Work instruction >> Beginning with the line below that contains "deivson-rocha-dantas--4633de6b88689868" and ending with the line that contains "1958 Villetta del Bacino - Foto 16", retype every line exactly. Pictures are not copied.

Source data >>
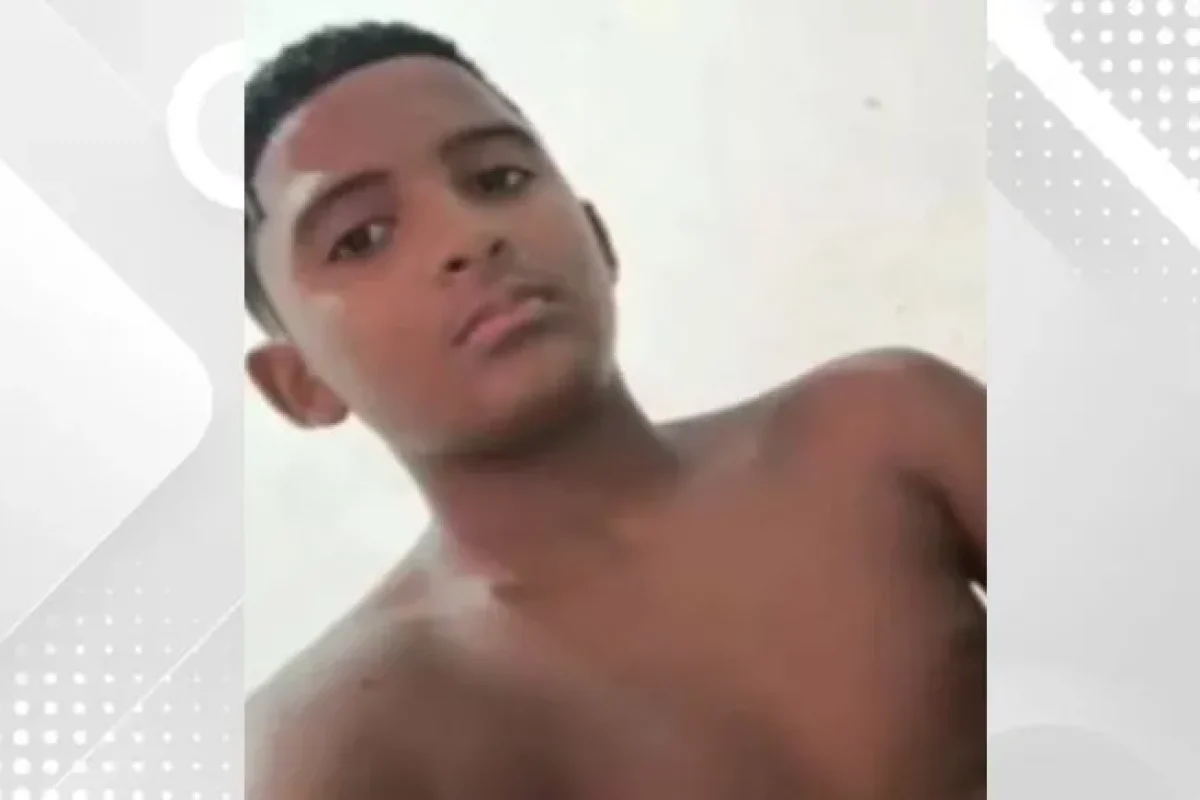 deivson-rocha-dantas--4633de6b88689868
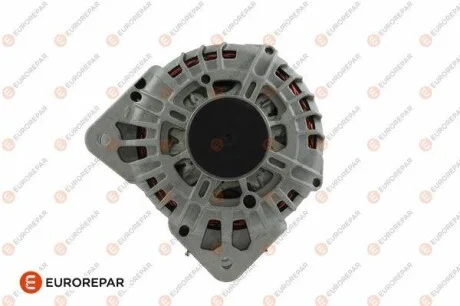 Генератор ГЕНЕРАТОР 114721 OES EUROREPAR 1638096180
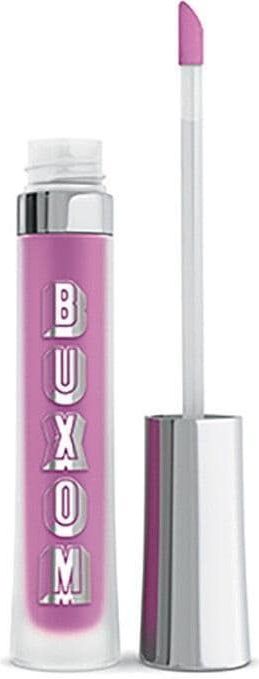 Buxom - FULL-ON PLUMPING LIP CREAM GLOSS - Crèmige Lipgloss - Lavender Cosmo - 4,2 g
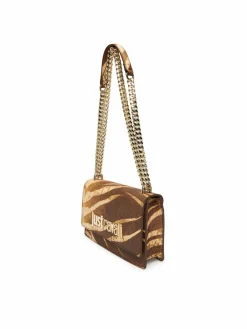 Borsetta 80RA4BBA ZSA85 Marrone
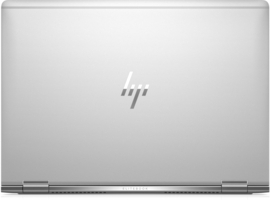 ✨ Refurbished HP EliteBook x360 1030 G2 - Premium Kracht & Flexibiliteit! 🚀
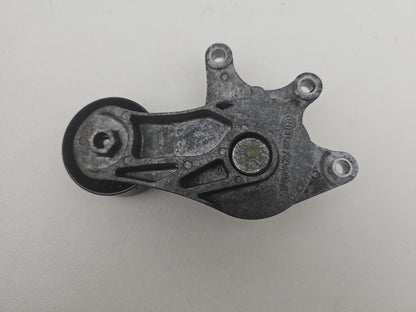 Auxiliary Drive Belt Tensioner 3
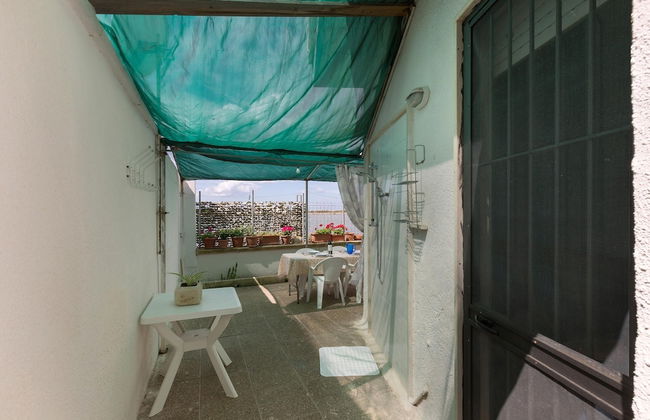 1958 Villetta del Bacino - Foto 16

* * *

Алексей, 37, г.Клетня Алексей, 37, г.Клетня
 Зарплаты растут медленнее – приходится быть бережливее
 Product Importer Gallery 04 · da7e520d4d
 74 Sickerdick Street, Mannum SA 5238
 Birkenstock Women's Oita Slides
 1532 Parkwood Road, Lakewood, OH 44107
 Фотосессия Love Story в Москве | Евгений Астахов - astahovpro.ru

* * *

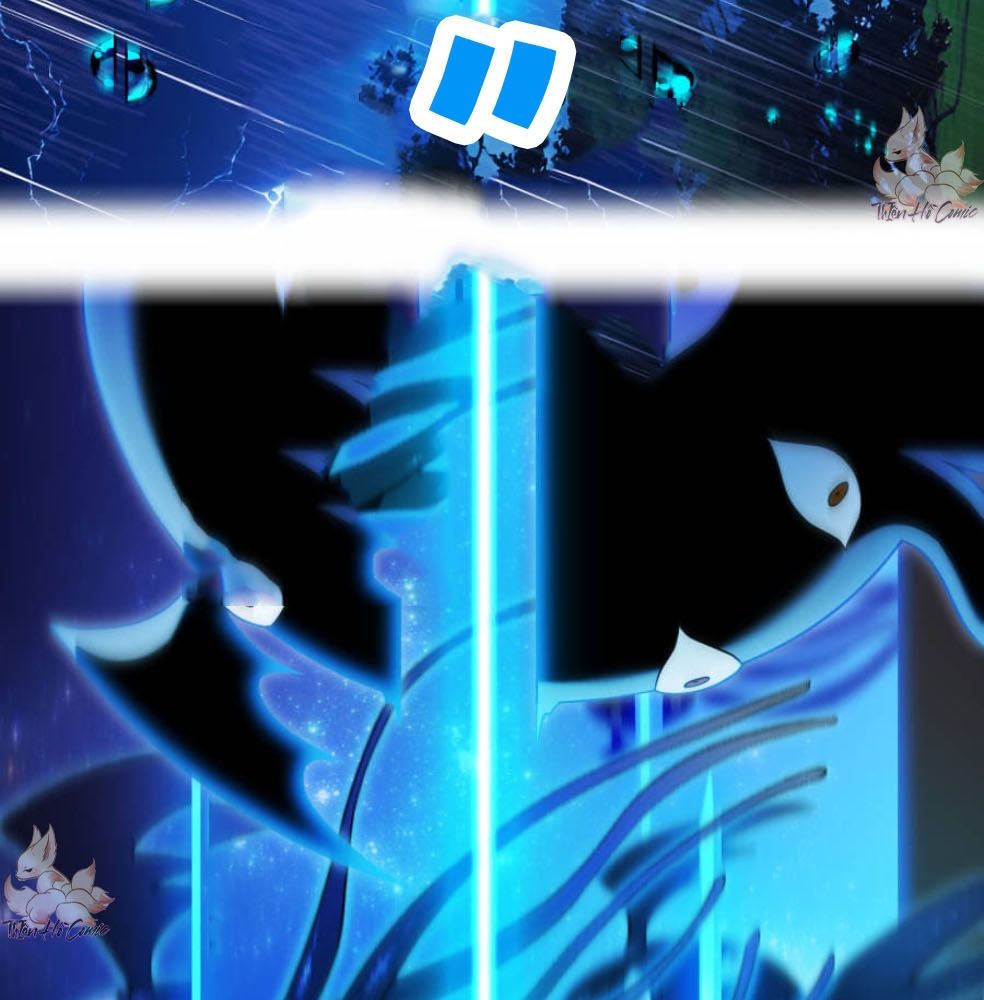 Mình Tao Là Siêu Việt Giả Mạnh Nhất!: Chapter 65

Solution for this task >>
 deivson-rocha-dantas--4633de6b88689868
 Генератор ГЕНЕРАТОР 114721 OES EUROREPAR 1638096180
 Buxom - FULL-ON PLUMPING LIP CREAM GLOSS - Crèmige Lipgloss - Lavender Cosmo - 4,2 g
 Borsetta 80RA4BBA ZSA85 Marrone
 ✨ Refurbished HP EliteBook x360 1030 G2 - Premium Kracht & Flexibiliteit! 🚀
 Auxiliary Drive Belt Tensioner 3
 1958 Villetta del Bacino - Foto 16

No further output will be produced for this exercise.